Not just food—healthy food. Curington lifts the lid of the box and starts pointing out its contents: low-carb tortillas to replace bread, low-fat turkey bacon as a protein, Greek yogurt, sweet potatoes and 24 other items. It also includes 27 recipe cards—three meals a day for nine days—that can be used with the food.
Cheryl stares through teary eyes at all of the food that is being given to her in an effort to make her healthier. In May, the pharmacy initiated a unique program called the PHARMer’s Market in which it is giving out healthy food to 50 of its high-risk diabetic patients in order to help them return to good health and document the impact of food as a drug. The concept is a result of a grant from CVS Pharmacy and the National Association of Free Clinics.
“The idea of food as a drug is not new,” says Curington, “but it’s certainly trending at the moment, which is sad because it should have always been a consideration because all disease states are impacted by food. In my vision, all pharmacies would be dispensing food as drugs—here’s your medicine, here are your over-the-counter products and the salad is over there. What would make that so great—and what makes this so appealing—is that it’s a multidisciplinary approach. You have your doctor, your pharmacist and your social worker involved. It’s coordinated care.”

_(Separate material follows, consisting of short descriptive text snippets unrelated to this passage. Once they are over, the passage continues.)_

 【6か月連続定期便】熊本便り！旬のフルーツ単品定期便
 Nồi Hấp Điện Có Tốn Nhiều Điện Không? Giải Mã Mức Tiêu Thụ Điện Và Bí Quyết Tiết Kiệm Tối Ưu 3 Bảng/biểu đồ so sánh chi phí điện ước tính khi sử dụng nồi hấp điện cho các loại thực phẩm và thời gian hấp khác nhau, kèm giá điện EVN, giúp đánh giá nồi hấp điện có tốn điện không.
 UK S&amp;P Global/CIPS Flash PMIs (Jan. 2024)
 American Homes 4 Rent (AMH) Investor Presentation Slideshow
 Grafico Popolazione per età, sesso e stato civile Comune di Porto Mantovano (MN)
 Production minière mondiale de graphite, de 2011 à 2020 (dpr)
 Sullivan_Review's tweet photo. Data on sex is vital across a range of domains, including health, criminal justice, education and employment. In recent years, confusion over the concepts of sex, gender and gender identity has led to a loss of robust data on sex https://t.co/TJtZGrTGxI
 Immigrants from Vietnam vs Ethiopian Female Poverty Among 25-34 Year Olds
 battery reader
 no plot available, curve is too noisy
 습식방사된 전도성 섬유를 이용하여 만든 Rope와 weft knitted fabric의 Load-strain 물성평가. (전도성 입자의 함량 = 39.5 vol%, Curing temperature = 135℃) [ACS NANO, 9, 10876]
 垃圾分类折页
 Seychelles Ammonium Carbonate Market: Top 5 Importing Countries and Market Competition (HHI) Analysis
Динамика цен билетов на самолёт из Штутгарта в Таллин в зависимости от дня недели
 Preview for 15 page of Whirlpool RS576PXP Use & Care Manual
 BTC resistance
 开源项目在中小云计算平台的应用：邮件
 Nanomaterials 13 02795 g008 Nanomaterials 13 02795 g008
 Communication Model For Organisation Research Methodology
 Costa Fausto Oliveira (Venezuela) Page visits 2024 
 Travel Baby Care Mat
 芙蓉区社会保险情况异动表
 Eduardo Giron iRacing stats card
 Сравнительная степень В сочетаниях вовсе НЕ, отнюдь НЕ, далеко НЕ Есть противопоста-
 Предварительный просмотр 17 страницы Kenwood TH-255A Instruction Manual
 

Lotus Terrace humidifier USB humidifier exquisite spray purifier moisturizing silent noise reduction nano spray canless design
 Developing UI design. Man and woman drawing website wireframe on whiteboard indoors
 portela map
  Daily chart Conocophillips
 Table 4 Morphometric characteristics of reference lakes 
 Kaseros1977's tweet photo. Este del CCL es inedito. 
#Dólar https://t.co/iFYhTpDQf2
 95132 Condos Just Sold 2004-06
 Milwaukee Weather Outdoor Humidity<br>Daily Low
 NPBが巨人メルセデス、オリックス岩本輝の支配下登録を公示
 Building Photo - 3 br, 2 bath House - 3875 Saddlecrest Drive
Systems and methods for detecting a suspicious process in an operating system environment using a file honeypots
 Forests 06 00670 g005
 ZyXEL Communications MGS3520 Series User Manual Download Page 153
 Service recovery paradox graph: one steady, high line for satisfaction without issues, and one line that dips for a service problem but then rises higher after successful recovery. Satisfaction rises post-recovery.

That’s also what helped CVS pick St. Vincent de Paul for the grant. CVS previously took a giant step toward changing the idea of what a pharmacy should offer when it stopped selling cigarettes—a huge moneymaker but contradictory to promoting good health—in its stores.
“I began my career selling cigarettes at Walgreens,” he says. “Why is a pharmacy selling cigarettes?”
Without getting into the economics or business models of pharmacies, Curington points out that freestanding pharmacies still don’t sell healthy foods, or pharmacies in grocery stores are always located on the other side of the produce.
The PHARMer’s Market is also a coordinated effort with St. Vincent de Paul’s food pantries, which is trying to change its focus from strictly addressing the issue of hunger to a more informed approach of addressing both hunger and health. Not all of the PHARMer’s Market food is currently available in the pantry, so Curington uses the grant money to purchase what’s needed to fill the boxes.
“People just don’t donate low-fat turkey bacon or Greek yogurt to the food pantry,” he says.
St. Vincent de Paul is planting gardens in an effort to supplement its food pantries with fresh produce, something that is becoming more and more common. Curington points to Boston Medical Center, which has a food pantry that receives 60 percent of its produce from the hospital’s rooftop garden. Doctors send patients to the pantry.